Reported poisonings resulted from ingestion of a variety of foods and preparation methods, including raw and baked garlic, Catalan spring onions (calcots), onion soufflé, butter-cooked onions, and steamed dumplings seasoned with Chinese chives. The organosulfoxides in allium plants seem to survive both cooking and drying.

Garlic can cause changes in blood parameters when fed in very large quantities (much more than pets would naturally eat) or if it is given in a human garlic supplement (which I never recommend). Dogs can healthfully consume ¼ teaspoon of freshly chopped garlic per 15 pounds of body weight and reap substantial health benefits, just don't go overboard.

Macadamia nuts — Macadamia nuts can cause serious problems for dogs, even in very small amounts. According to the study, more than 80 cases of poisoning were reported over a 5-year period in Queensland, Australia, a major area of macadamia nut cultivation. Fortunately, no deaths were reported.

Vitis vinifera fruits (grapes, raisins, sultanas, and currants) — In an interview in 2016, Melissa Gardner, an intelligence specialist with the FBI and a former military intelligence officer, offered a very interesting and plausible theory to explain why grapes and raisins, once safe to feed pets, are now toxic. She believes that fluoride-based pesticides used on grapevines could be to blame.

According to the Italian study, grapes, raisins, sultanas, and currants — both raw and cooked — can cause kidney failure in dogs. However, not all dogs have the same reaction to these foods. For example, one study examined 180 cases of dogs who ate grapes and related fruits and reported that some dogs showed no symptoms after eating 2 pounds of raisins, while others died after eating just a handful.

This information seems to support Gardner's theory that it's the way the fruits are cultivated, rather than the fruits themselves, that render them toxic. Unfortunately, based on what Gardner uncovered during her investigation, we can't assume organic raisins or grapes are safe, either, so my recommendation is to avoid feeding grapes, raisins, and related fruits to your pet.

Foods and products containing the sweetener xylitol — Xylitol is a sweetener that is highly toxic to dogs. It's used to sweeten a wide range of products, including sugar-free gum and mints, nicotine gum, chewable vitamins, certain prescription drugs, dental hygiene products and baked goods.

Sadly, xylitol poisoning in dogs is reaching epidemic proportions. Until fairly recently, it was found primarily in products not normally given to dogs. Poisonings were usually the result of dogs sampling human foods, candy or gum on the sly. However, this sweetener is now in certain peanut and nut butters.

Ethanol in alcoholic beverages — Alcohol (ethanol) poisoning in pets typically occurs when a dog samples an alcoholic beverage. Toxicity has also occurred in dogs who ate rotten apples, sloe berries, and uncooked bread and pizza dough, all of which contain alcohol.

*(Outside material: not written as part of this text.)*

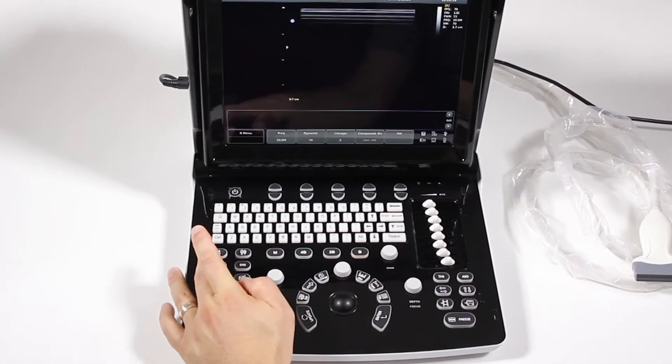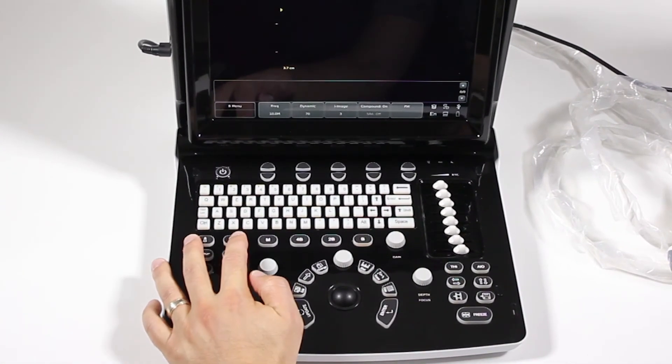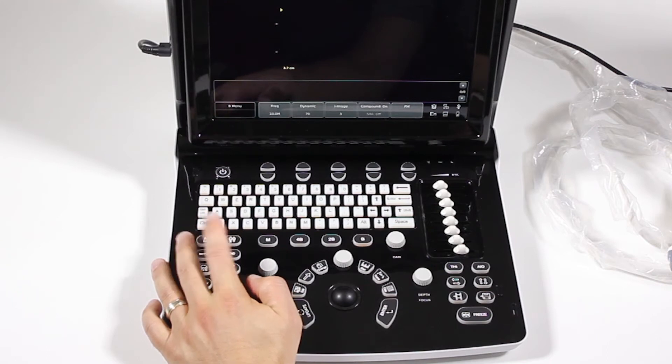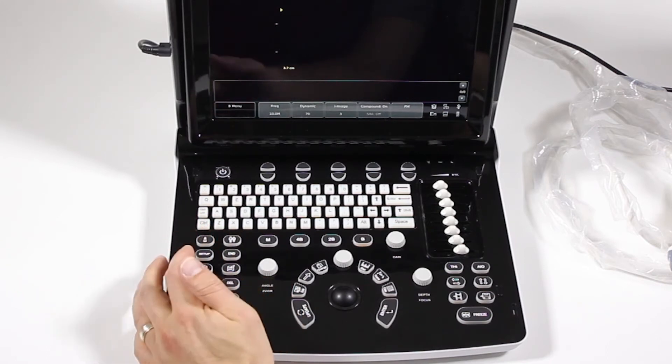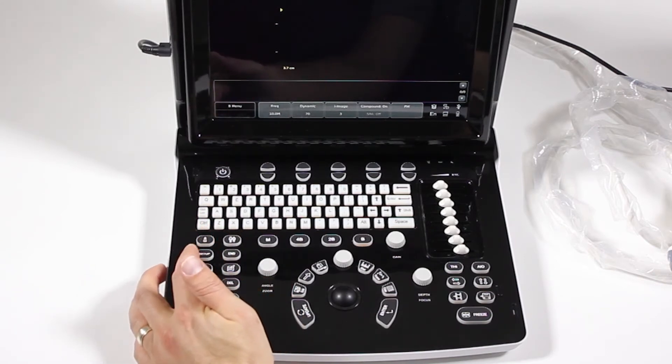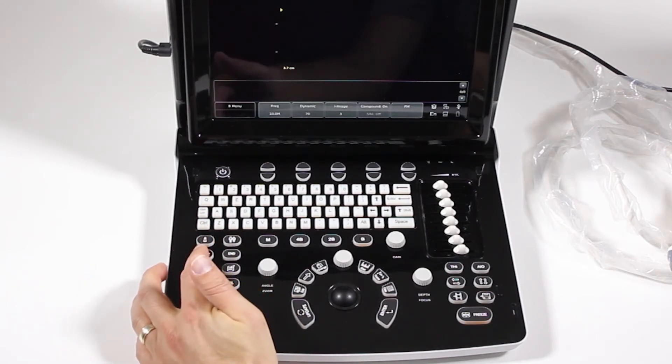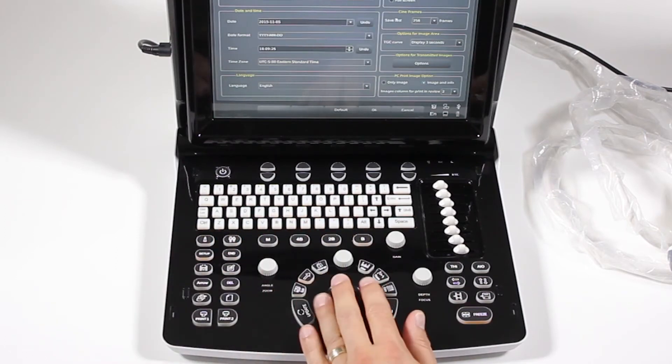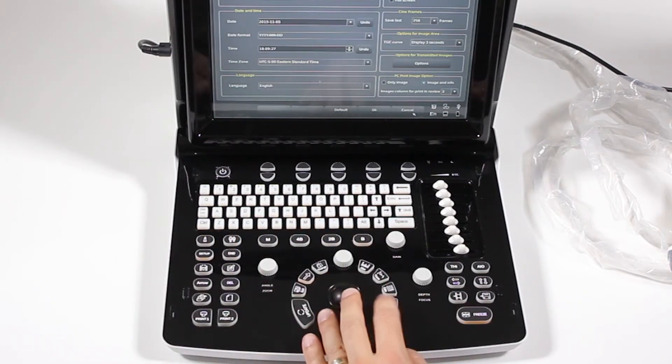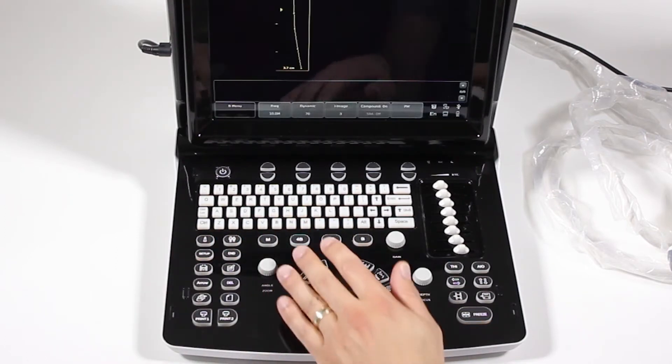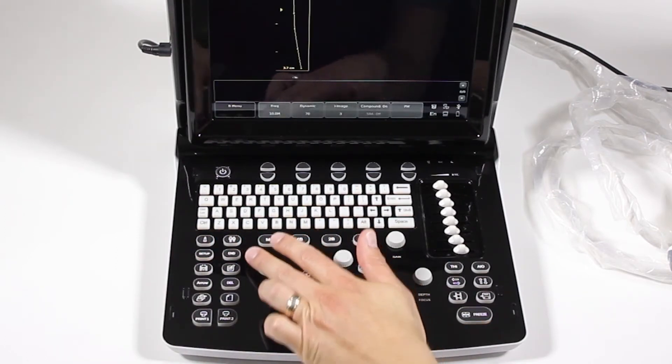We have your probe select here. We have our patient key here, so we'll get into that in the next chapter as well. System setup will take you into the system customizations menu, and we'll get that into a later chapter.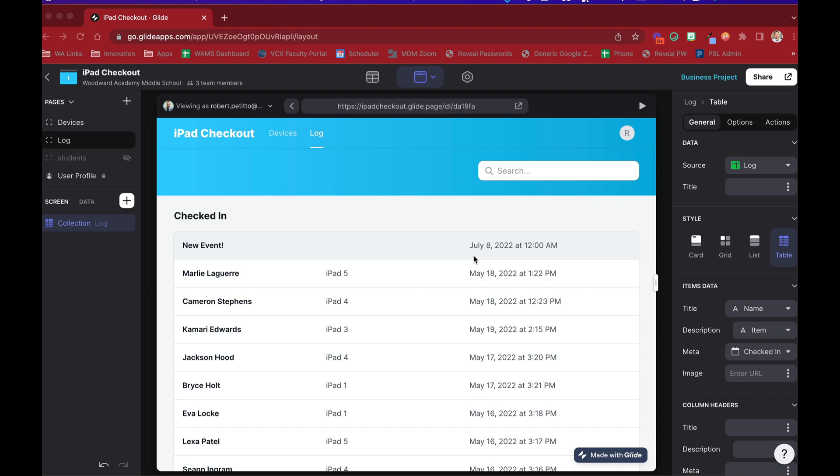Hey fellow Gliders, welcome back. Today we're going to take a look at Glide's newest feature, the Calendar component in Glide Pages.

Other potential sources of ethanol include paint and varnish, certain medications, perfume/cologne, mouthwash, and certain types of antifreeze. Just as with humans, when a pet ingests alcohol, it is quickly absorbed from the gastrointestinal (GI) tract and reaches the brain.

If you suspect your pet has ingested a poison and you have questions or need guidance, you can call the ASPCA's Poison Control Center hotline at 1-888-426-4435, or the Pet Poison Helpline at 1-855-764-7661. Both hotlines can be reached 24 hours a day, 7 days a week, 365 days a year.

If you're sure your pet has been exposed to a toxin, get her to your veterinarian or an animal emergency hospital immediately. If you know or suspect the substance your animal got into, bring it along.